Do you know, it is very hard to complain about asking for advice and getting The Wrong Kind, for free, and with no real negative consequences—but I’m going to do it anyway. [Swistle from the Future sez: “This sentence is ridiculous. What refers to what here? Is it hard to complain for free and with no negative consequences? Because that’s how the sentence reads.” Swistle from the Past: “Meh. I don’t see an easy fix. They’ll figure it out.”]
Here is what happened. My town has a Facebook page for residents. I need to buy three particular related items, and I need them for tomorrow, so I asked on the local Facebook page if anyone had seen any of the items in a local store and specified that I needed to buy them today; I mentioned the one local store where I’d already looked. Of the twelve answers:
• Five suggested I look online
• Four made guesses of stores where they hadn’t seen the items
• One suggested a store two hours away that “might” have them
• One told me the manufacturer of the items
• One suggested the specific store I had specifically mentioned in my question
• One speculated the items would be hard to find
• Three, and three only, mentioned stores where they had seen one or more of the items
(Those don’t add up to twelve, because some comments did several things.) Out of twelve answers, THREE answered the question I asked. (Though I went to the store two of them mentioned, and the store no longer has the items. And the other mentioned a store 40 minutes away that has only one of the three items. But I’m counting all of those as successful answers, because they answered what I’d asked.)
It’s not like it ruined my life or anything: clearly I can just IGNORE the useless answers, at no real personal cost. And I’m certain I’ve accidentally “answered” questions in this way MYSELF, because I have CAUGHT MYSELF DOING IT—and who KNOWS how many times I DIDN’T catch it. But it’s exasperating to ask a question and get non-answers to it—and not an INTERESTING question, where even discussion that didn’t answer the question per se would still be interesting, but just a specific, factual, boring, “What retail establishment carries this product?” question. It makes me feel as if I have to be super-super insultingly specific before I ask. Like, “I need these three items, and I need them today and I don’t want to pay whatever it would cost to have an online place ship them to me by tomorrow morning, so I am looking for a local store that has them. This store should be within reasonable driving distance, which I’d define as ‘half an hour away.’ I would like to know if you have, with your own eyes, seen these actual items I am asking about, in a store that meets the qualifications I just mentioned. WITH YOUR OWN EYES. I’m not asking you to research this for me, or to make a list of Stores That Exist In Our Town, or to give me more information about the products I’m looking for, or to discuss the products in general; I ONLY want to know if you have ALREADY found them.”
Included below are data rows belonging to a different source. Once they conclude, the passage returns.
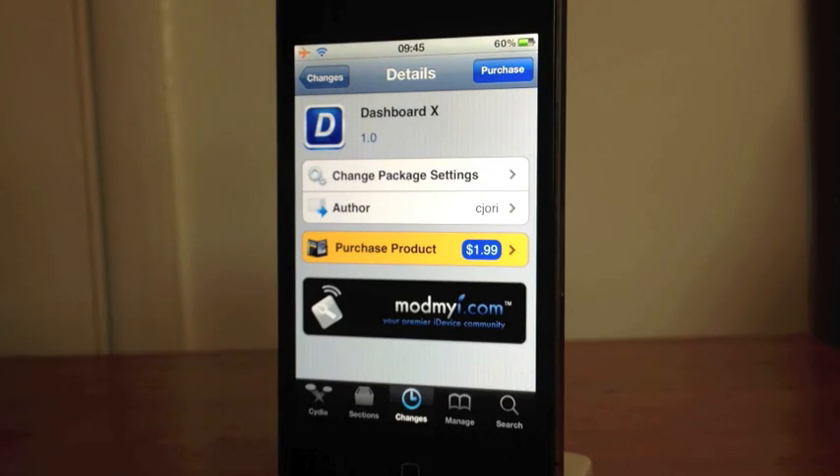Hi guys, Mickey Tech here, hope you're having a great day. I have a Cydia tweak for you today — this is Dashboard X. It's a very long-awaited Cydia tweak, it is absolutely fantastic. It adds quite a bit of Android functionality to your iPhone.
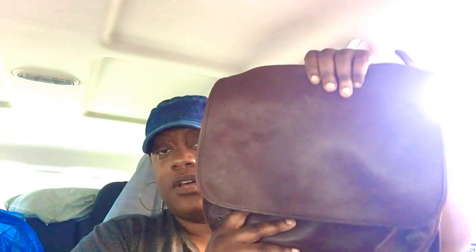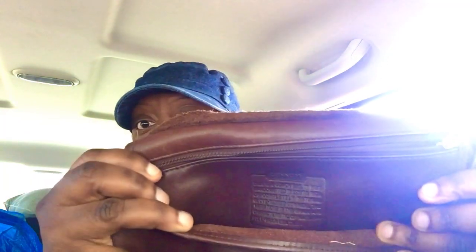They had this Coach bag — genuine Coach, genuine leather. It's a messenger bag with longer straps. It still had the little Coach tag on it, and it has the Coach serial number and stamp inside. The inside of the bag is really clean, and it has a zipper pocket right here.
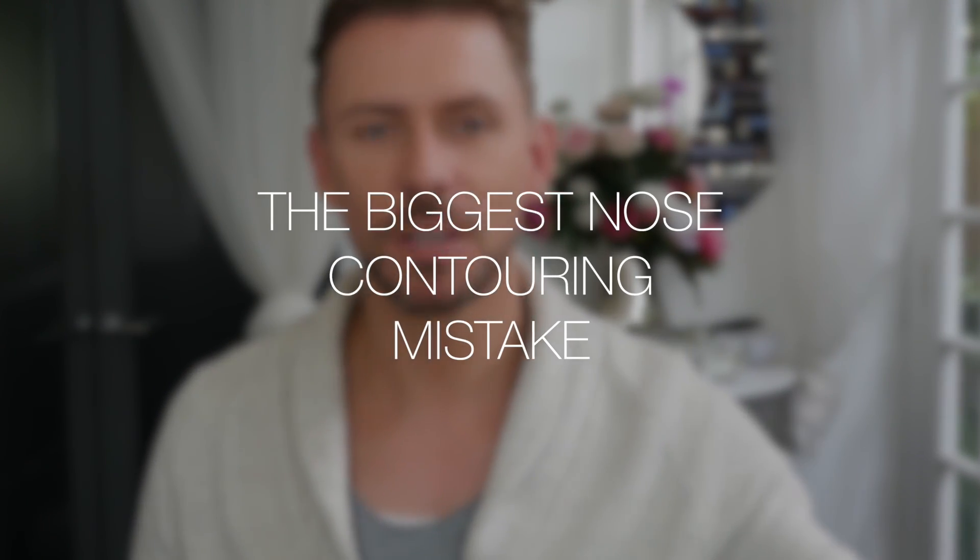Hey everyone, so today I'm going to be talking you through one of those things that people tend to do a lot and don't really know why they're doing it. Below the blurb in the description bar is a link. This video's link will take you to a video that shows you how to contour every single nose shape, because not every nose shape is identical — we all have different noses. Have a look at that, identify your nose shape, and then these principles I'm talking about now will come into play.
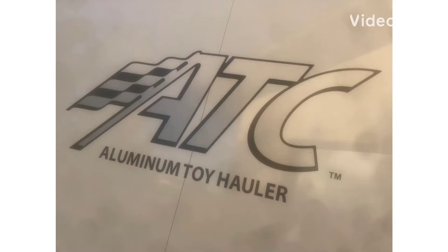Hey guys, before getting started with the video I do want to mention that I am now working with an ATC dealer to help people choose the right ATC for them, pick the configurations, and get everything set up. So if you are interested in that, please feel free to reach out to me.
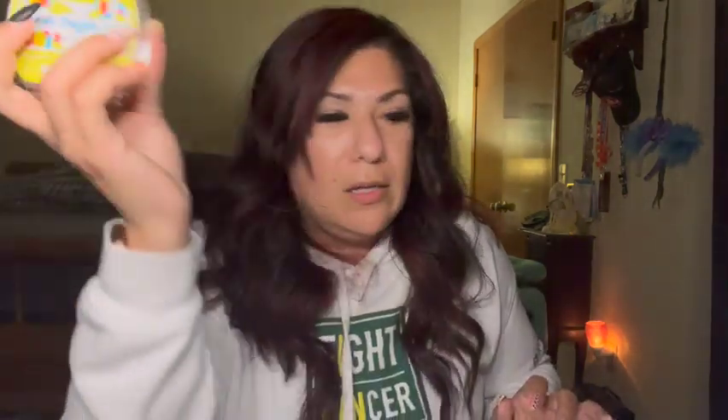These come in a three-pack and are still available on my website — the whole Easter collection is still available. One thing I really would love to pick up, but because I'm leaving I'm not getting a lot of stuff, is that little mini warmer with three bulbs — that's amazing. That's a beautiful, beautiful warmer. I like the whole Easter collection. I think they're doing a really good job. I would highly, highly pick up the wax.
So there is my Small Complaint About Something Small for today.
On to salads! I tried another really good one. I based it loosely on the Spicy Chicken Caesar Salad that Paul had at Wendy’s the other day. Very, very loosely—like, just used the “spicy chicken” and “Caesar” words.
I started again with a lot of mixed spring greens. I added some shredded cheddar because I didn’t have whatever that pretty white shaved cheese is that Wendy’s used. Then tomatoes, and sunflower seeds because those were so amazing in the other salad and I’m not sure I ever want to eat a salad without them again, and some leftover chicken/herb-flavored couscous, and Caesar dressing. Meanwhile, I cooked five Tyson boneless buffalo wings in the toaster oven, then cut each one into nine pieces and put them on top. YUM.